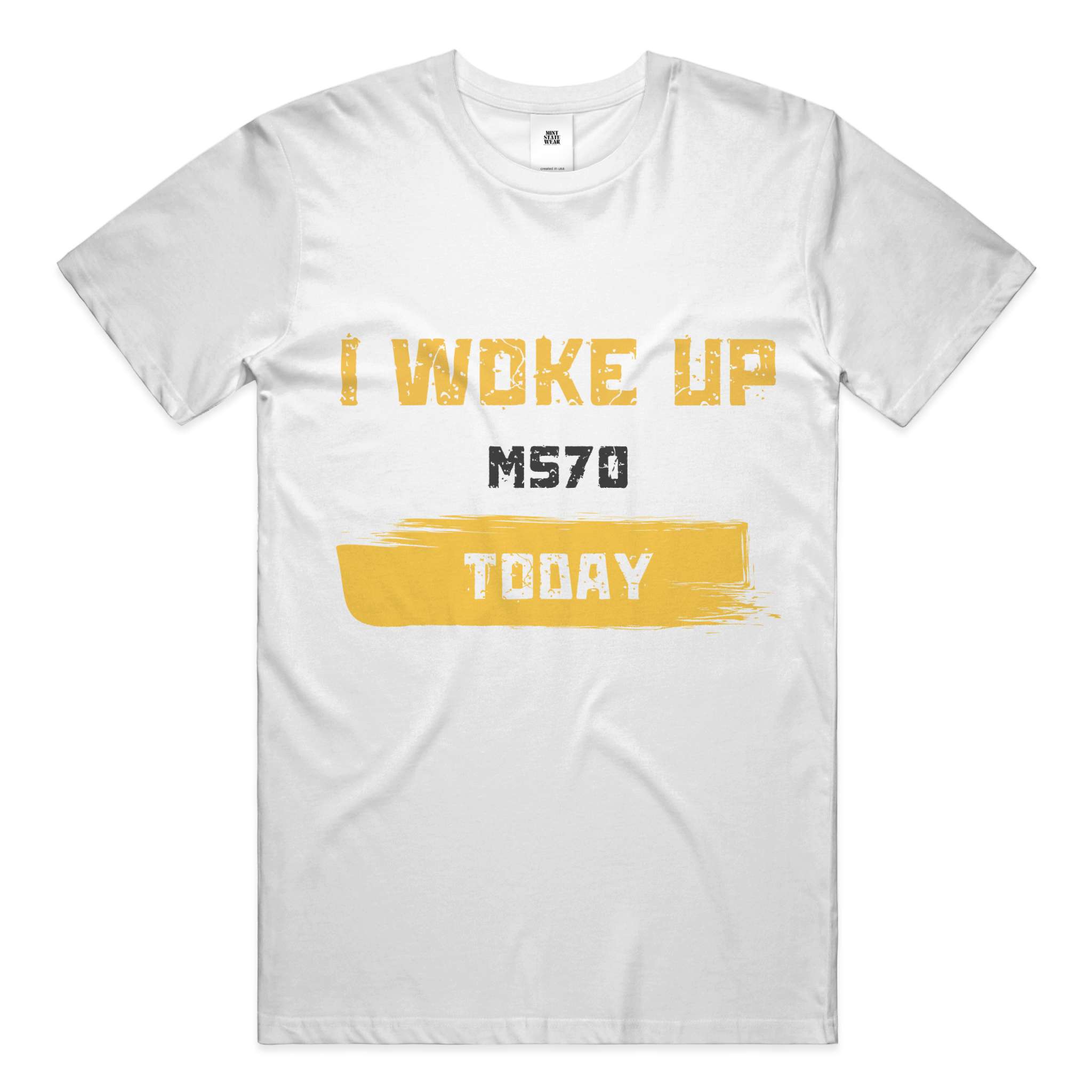 I Woke Up MS70 Today White Tee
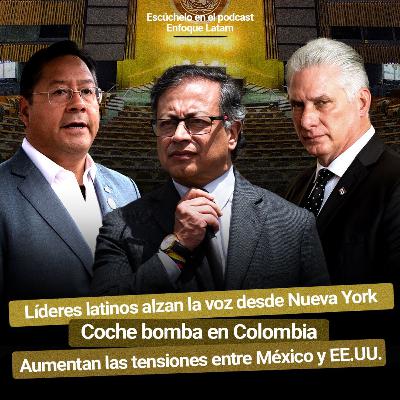 Líderes latinos alzan la voz desde Nueva York | Coche bomba en Colombia | Aumentan las tensiones entre México y EE.UU. por el fentanilo - Enfoque Latam #19
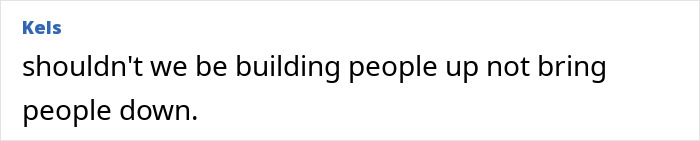 Comment reading shouldn't we be building people up not bring people down about decency in public and activewear trend debate.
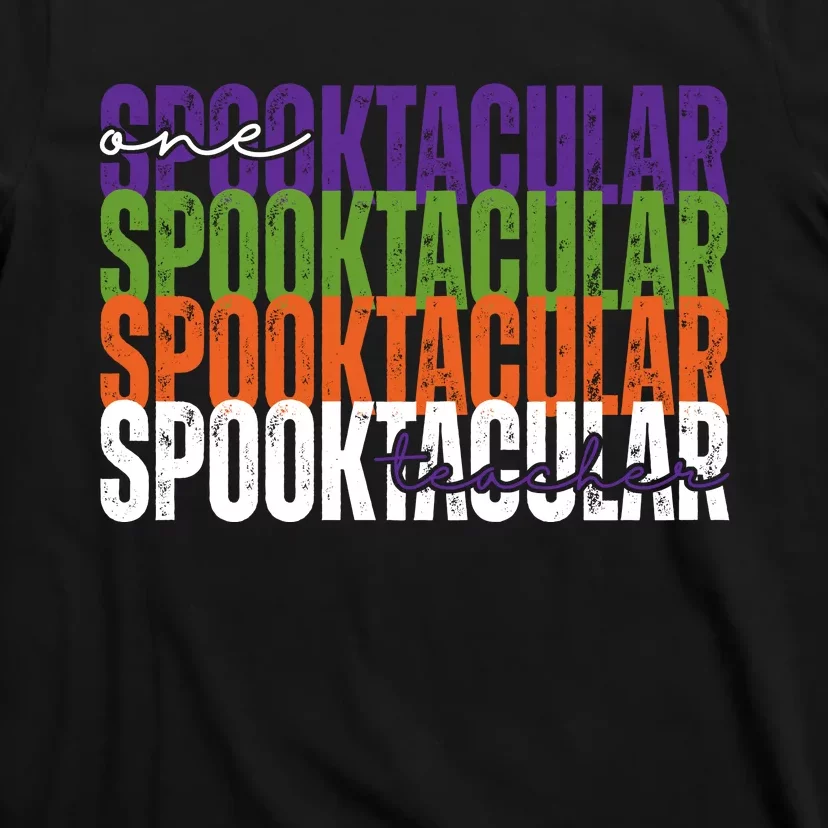 Sppoktacular Teacher T-Shirt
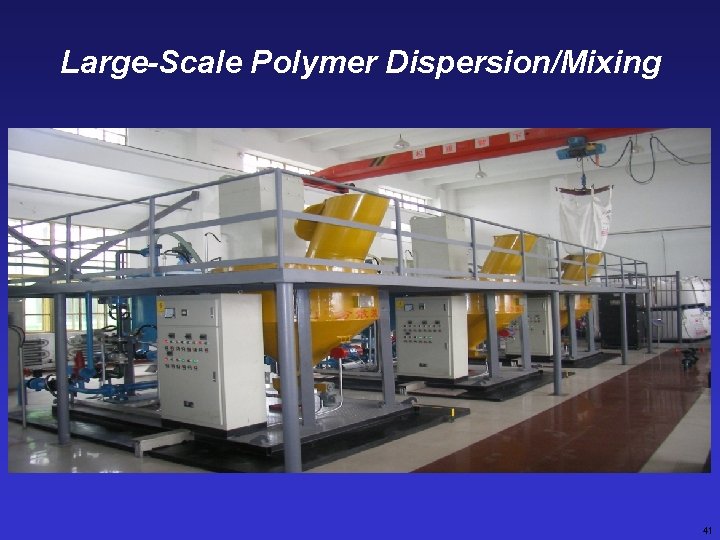 Large-Scale Polymer Dispersion/Mixing 41 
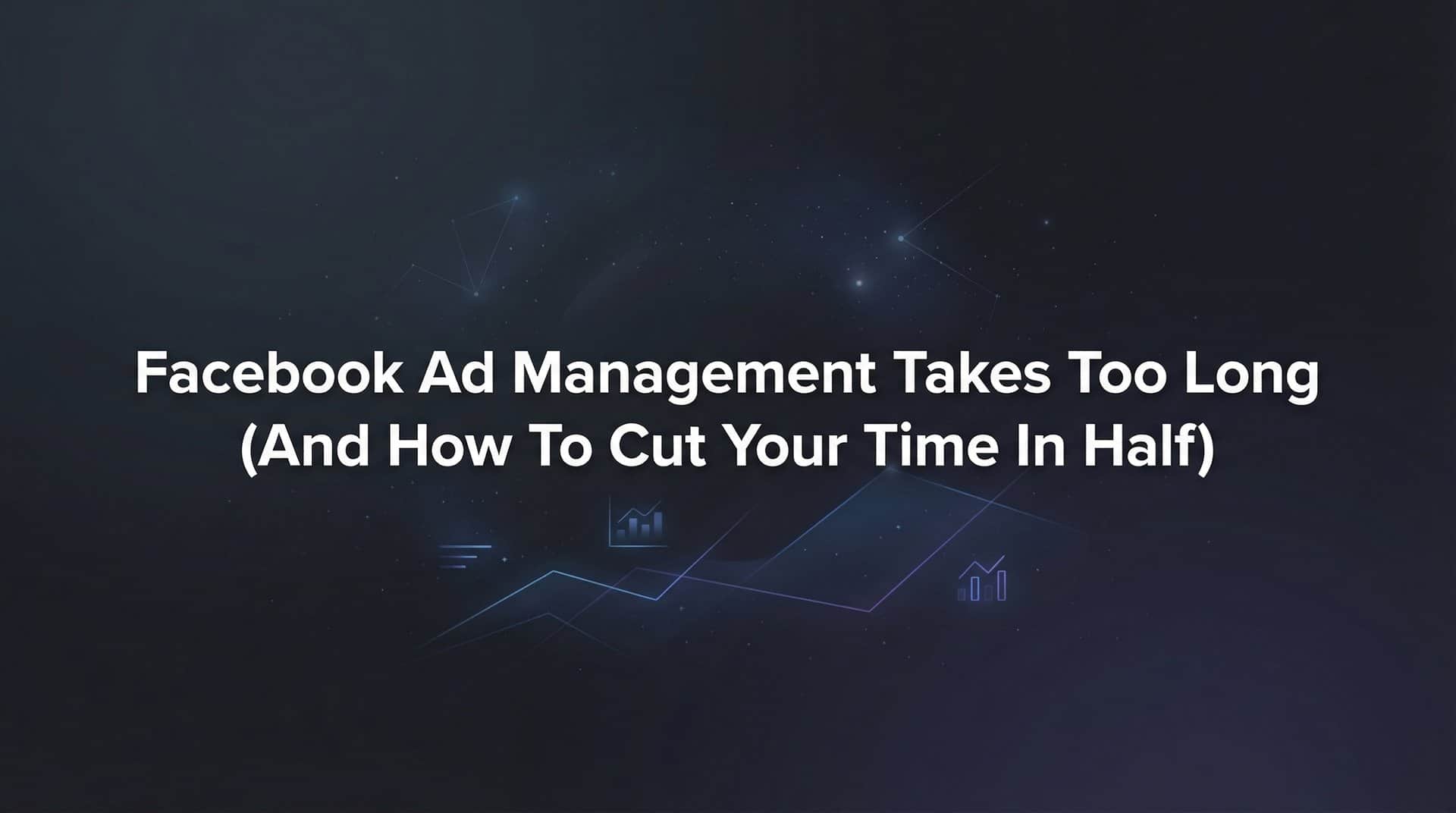 Featured image for Why Facebook Ad Management Takes Too Long (And How to Cut Your Time in Half)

§ **What the task asks**
Write out the whole listing above exactly; do not include the pictures.

§ **Exercise result**
 I Woke Up MS70 Today White Tee
 Líderes latinos alzan la voz desde Nueva York | Coche bomba en Colombia | Aumentan las tensiones entre México y EE.UU. por el fentanilo - Enfoque Latam #19
 Comment reading shouldn't we be building people up not bring people down about decency in public and activewear trend debate.
 Sppoktacular Teacher T-Shirt
 Large-Scale Polymer Dispersion/Mixing 41 
 Featured image for Why Facebook Ad Management Takes Too Long (And How to Cut Your Time in Half)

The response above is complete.